Something about complexity, simplicity, and hope.

Published: (March 11, 2026 at 05:16 PM EDT)
3 min read
Source: Dev.to

Source: Dev.to

“An idiot admires complexity, a genius admires simplicity.”
— Terry A. Davis

From Complexity to Simplicity

Having spent the last seven years in software development, I’ve watched mountains of distributed systems rise and fall. Talented engineers built layers of services on top of services, added meta‑services for monitoring, and invented tooling to keep the ever‑growing pile manageable.

I’ve seen Kubernetes clusters host a few static files, content‑management systems manage a handful of markdown documents, and custom registries distribute patches that should have been part of the published binary.

Eventually, many of these systems crumbled under their own weight, taking down downstream services that had no backup.

When I started, I admired that complexity. I even asked, “Have you seen JDSL? Like I said, Tom is a genius.”

Time, however, taught me that modern tech should strive for simplicity.

Why Simplicity Wins

  • Hardware is fast. A single well‑polished monolithic server can handle hundreds or thousands of requests per second without a cluster, CDN, or a fleet of stateless lambdas.
  • File systems are timeless. The solution for storing text and images has existed since the 1960s. Almost every server worldwide still relies on a standard file system (e.g., ext4, FAT32) and UTF‑8 encoding. A floppy disk from the 1980s formatted in FAT32 can still be read on a modern machine—something a complex WordPress installation cannot guarantee.
  • Long‑term compatibility. If humanity still uses computers in 200 years, they will likely know how to mount an ext4 volume and read UTF‑8 files. Relying on proprietary binaries or obscure CMS databases offers far less assurance.

For any data I consider remotely important, I prefer a standardized file system with well‑established encodings. The odds that future systems can read those files far exceed the odds that anyone will untangle a proprietary CMS dump.

A Minimal Blog Setup

When I first launched a blog, I used a free WordPress space. Overwhelmed by options, I cobbled together a solution that ultimately stalled—I was building a framework instead of writing posts.

Attempting to migrate my existing posts proved difficult, especially in a portable format. I switched to Ghost for its markdown‑first approach, but soon found myself tangled in a growing Vue.js project.
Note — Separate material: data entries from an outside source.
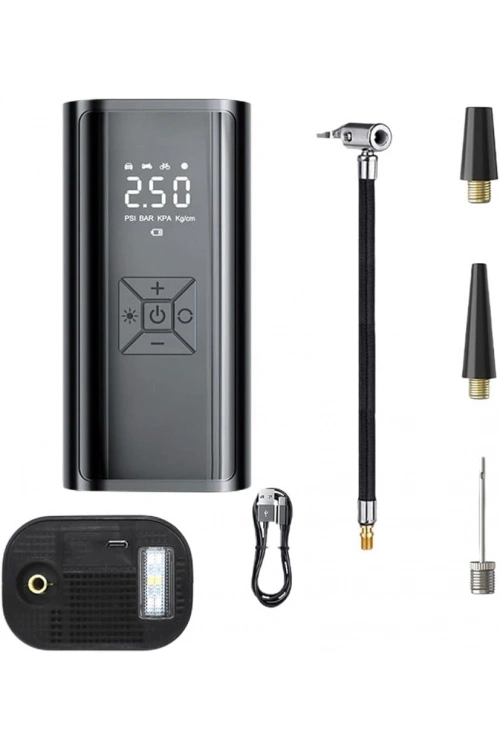 Hava Pompası & Powerbank | 150 Psı Ultra Basınç, Led Işıklı, Lcd Ekranlı, 4000mah Taşınabilir Şarjlı Kompresör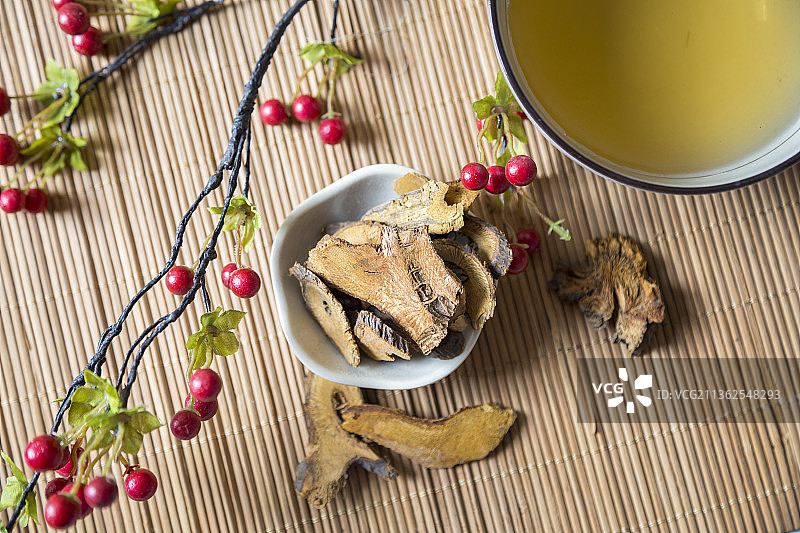 中国古风背景的中药虎杖特写图片素材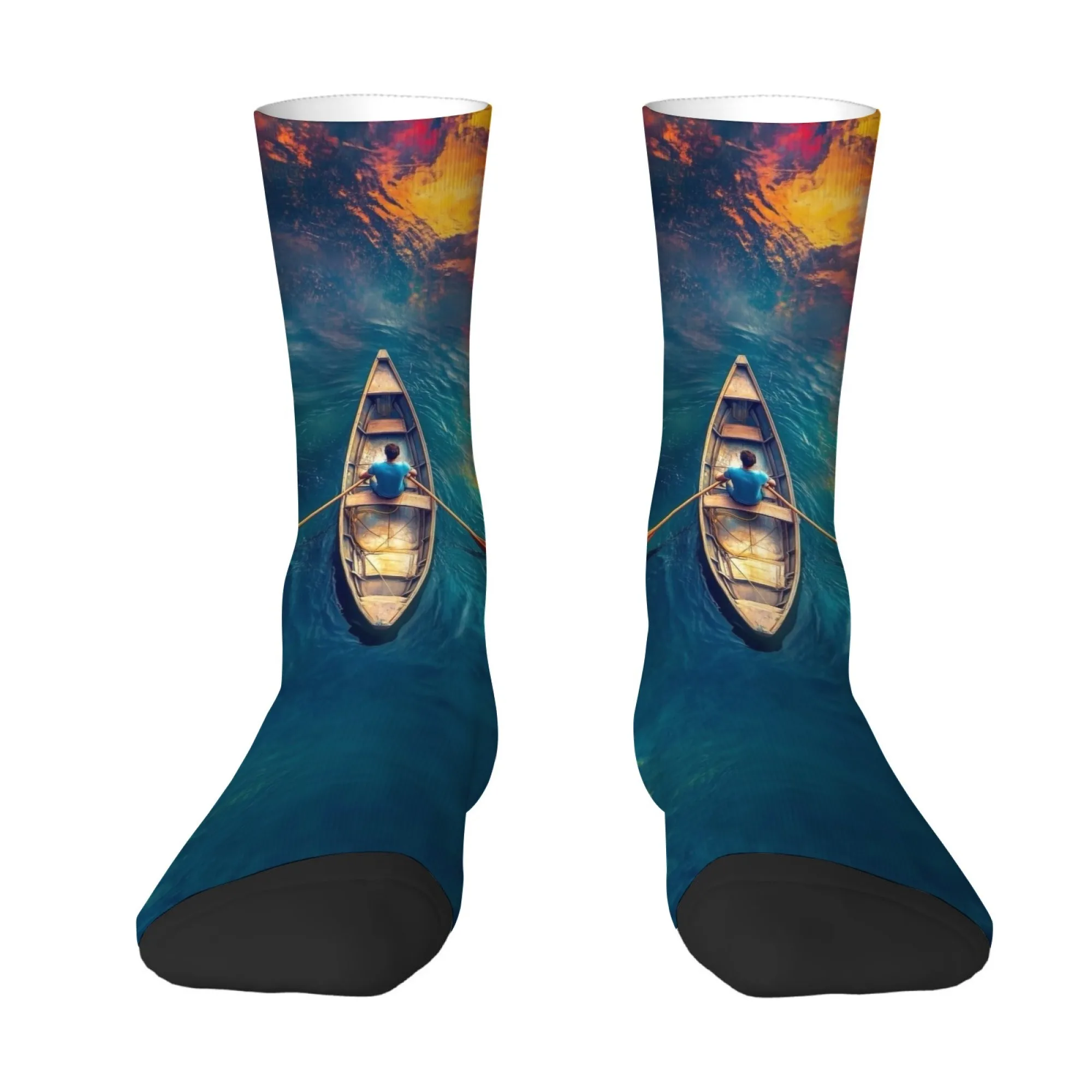 Calcetines divertidos con diseño artístico de remeros, estilo surrealista, moda vintage, calcetines para hombre, transpirables, antideslizantes, calcetines deportivos informales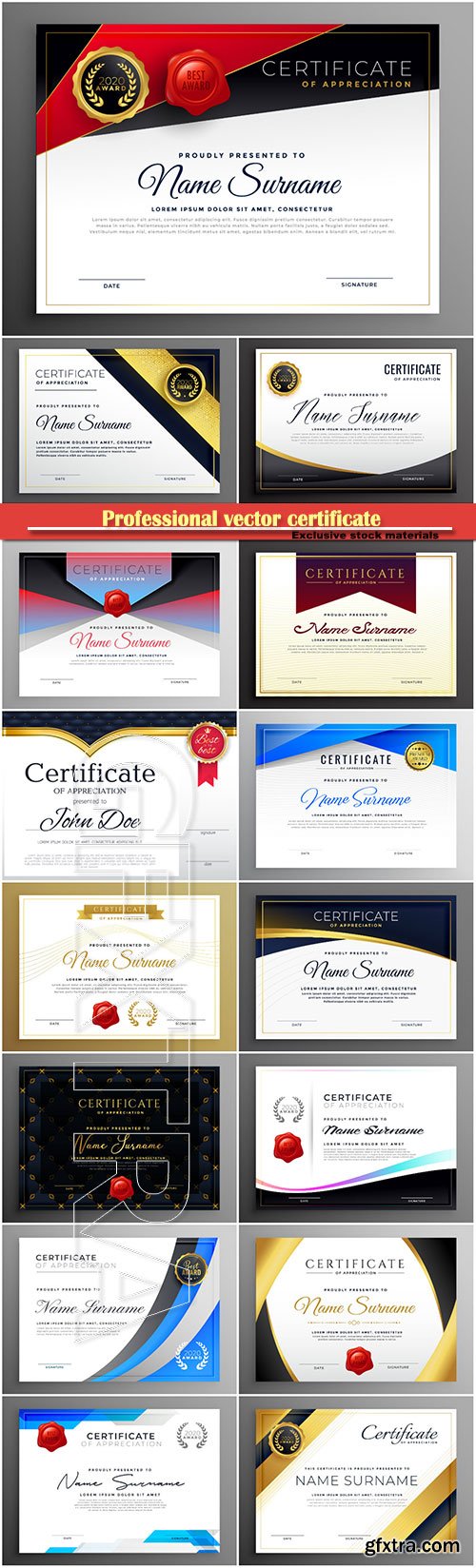 Professional vector certificate of appreciation template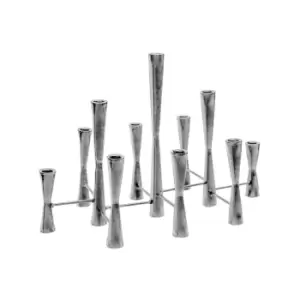 Image of Parker 11 Piece Silver Candle Centerpiece H42cm W52cm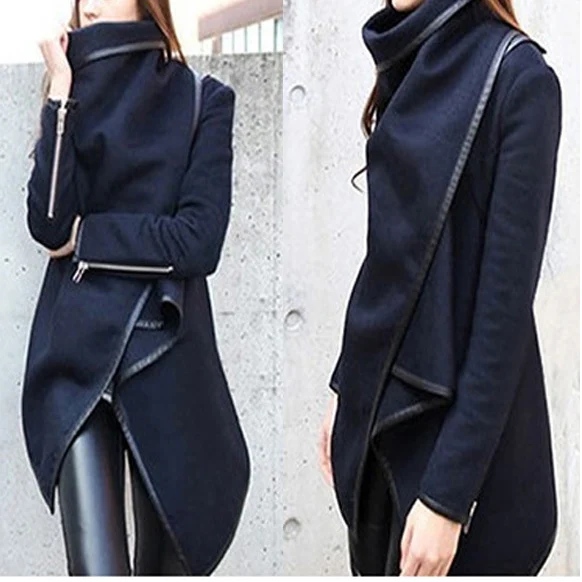 

Wool Blend Women Coats Jackets Asymmetric Turtleneck Slim Long Trench Ladies Outwear Ponchos And Capes Winter Overcoat Casual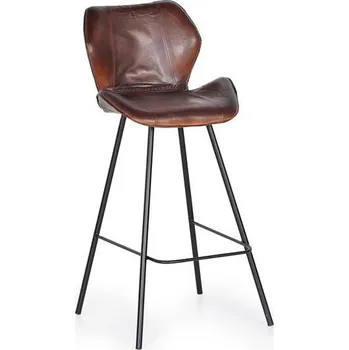 Barová židle Luxusní kožená barová židle Kaia 102cm - industriální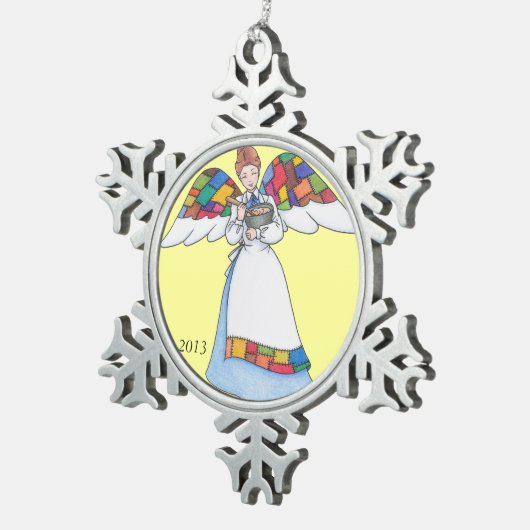 Land Angel (Blue) Snowflake Ornament (Rechts)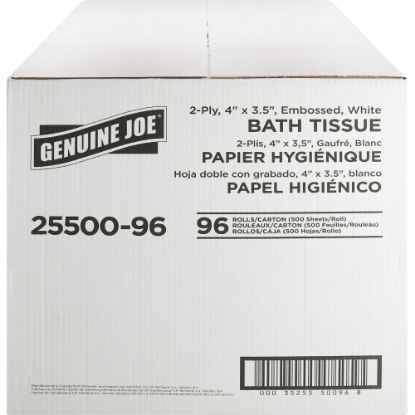 Picture of Genuine Joe 2-ply Standard Bath Tissue Rolls - 2 Ply - 4in x 3.50in - 500 Sheets/Roll - 1.63in Core - White - 96 / Carton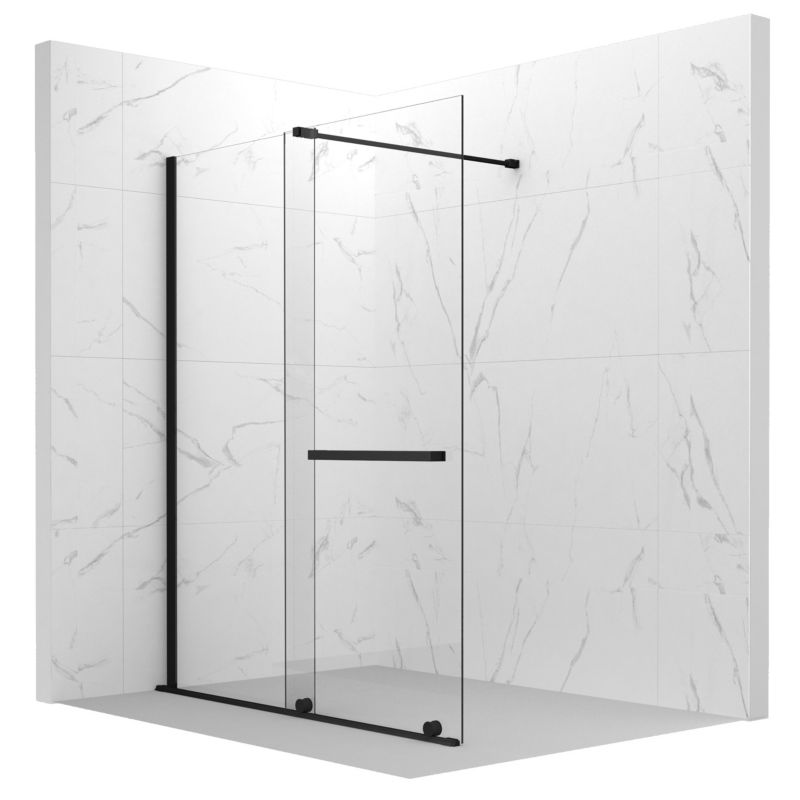 Ścianka prysznicowa SEVANTE ERIS 100x195 Walk-In przesuwna czarna 1 szt.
The breakthrough came after two days of focused work:

  • The site now consists of a few markdown files and a single HTML template.
  • A lightweight server (e.g., 5000blogs) serves the rendered pages.
  • No database, no input/output beyond a config file, the markdown sources, and the static template.

This setup can be moved to any static‑site generator, Obsidian Publish, or GitHub Pages with minimal effort. It provides basic blog functionality—tags, automatic content updates via Git, and full‑text search—without any JavaScript. When a visitor loads a page, the server responds with a single static file, leaving no trace of the request.

Conclusion

Simplicity isn’t just an aesthetic choice; it’s a pragmatic strategy for reliability, longevity, and peace of mind. By stripping away unnecessary layers and embracing timeless tools like the file system and markdown, we can build systems that endure far beyond the fleeting trends of modern tech.

Anyways, I am me, and I am here now. Hello.